• [Collected material]
┄┄┄┄┄┄┄┄┄┄┄┄┄┄┄┄┄┄┄┄

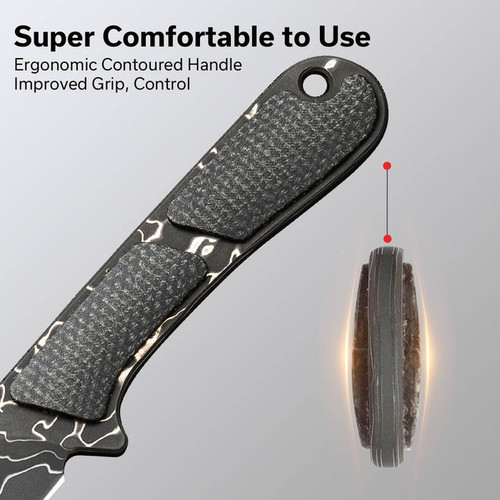 CIVIVI Knives Mini Elementum Fixed Blade Neck Knife - 2.24" Damascus Drop Point Blade, Dark Green Canvas Micarta Handles, Kydex Sheath - C23010-DS1 CIVIVI Knives Mini Elementum Fixed Blade Neck Knife - 2.24" Damascus Drop Point Blade, Dark Green Canvas Micarta Handles, Kydex Sheath - C23010-DS1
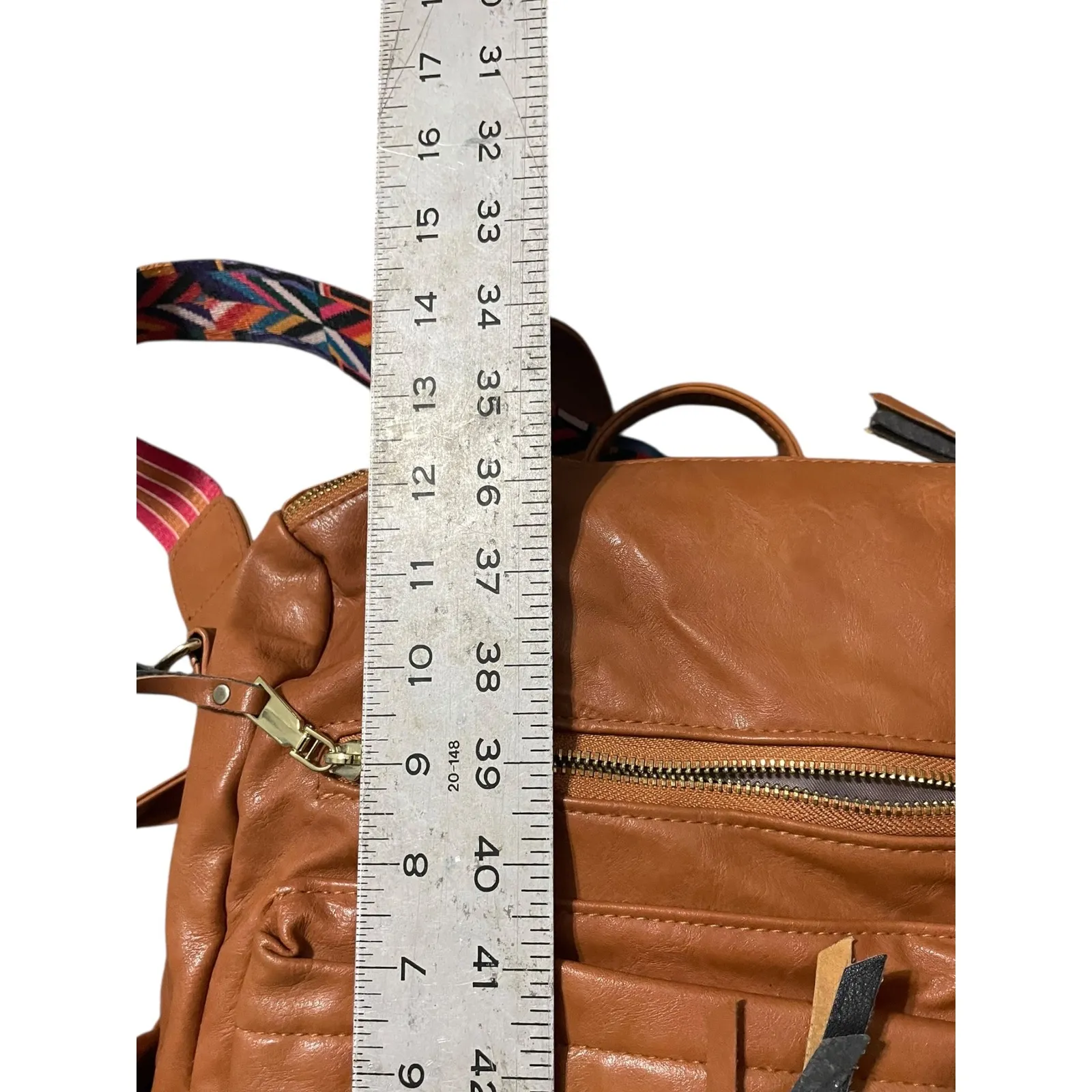 Convertible Backpack Shoulder Bag Brown Faux Leather Colorful Strap Travel - Image 3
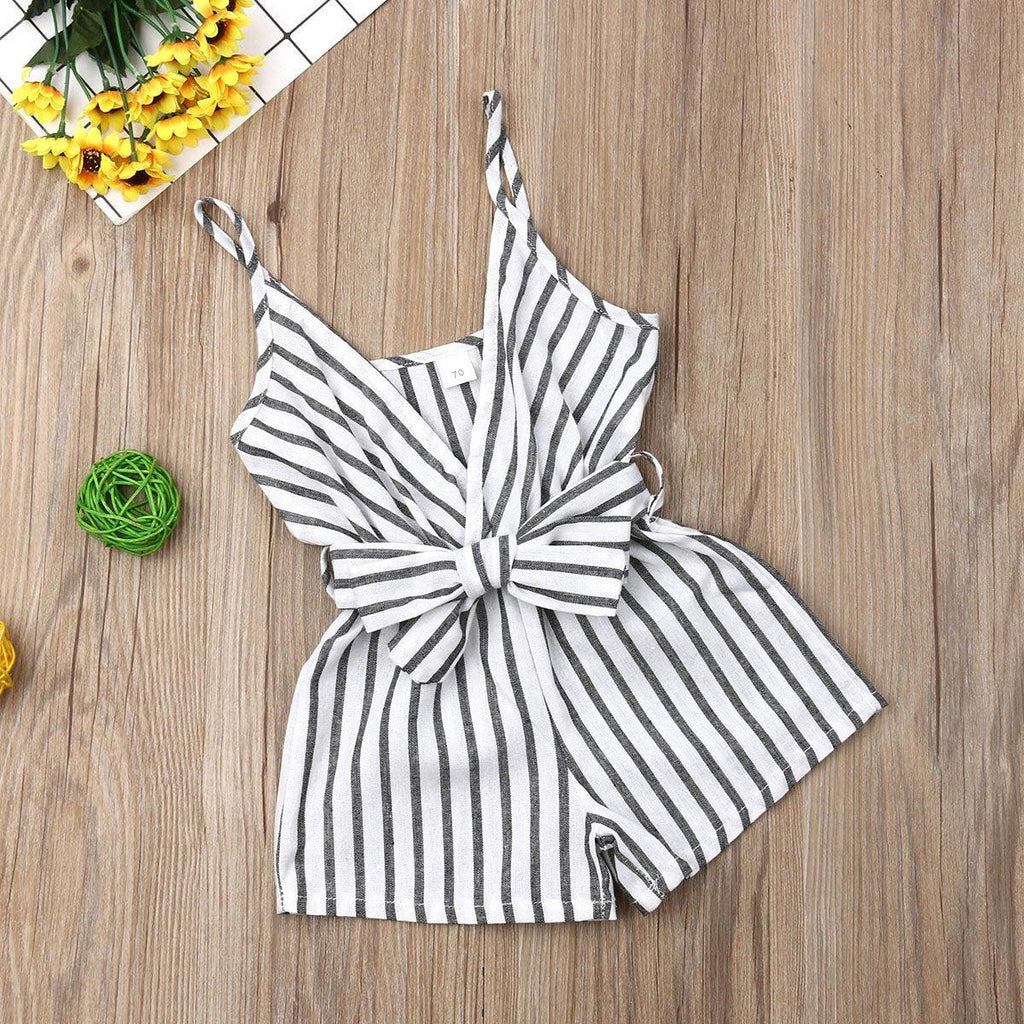 Barboteuse élégante moderne sans manches à rayures avec nœud et bretelles pour nouveau-né fille, tenue une pièce pour filles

┄┄┄┄┄┄┄┄┄┄┄┄┄┄┄┄┄┄┄┄

• [What the exercise asks]
Everything from the line holding "Convertible Backpack Shoulder" through the last line of the listing should be written out exactly, except for the pictures.

• [Answer]
 Convertible Backpack Shoulder Bag Brown Faux Leather Colorful Strap Travel - Image 3
 Barboteuse élégante moderne sans manches à rayures avec nœud et bretelles pour nouveau-né fille, tenue une pièce pour filles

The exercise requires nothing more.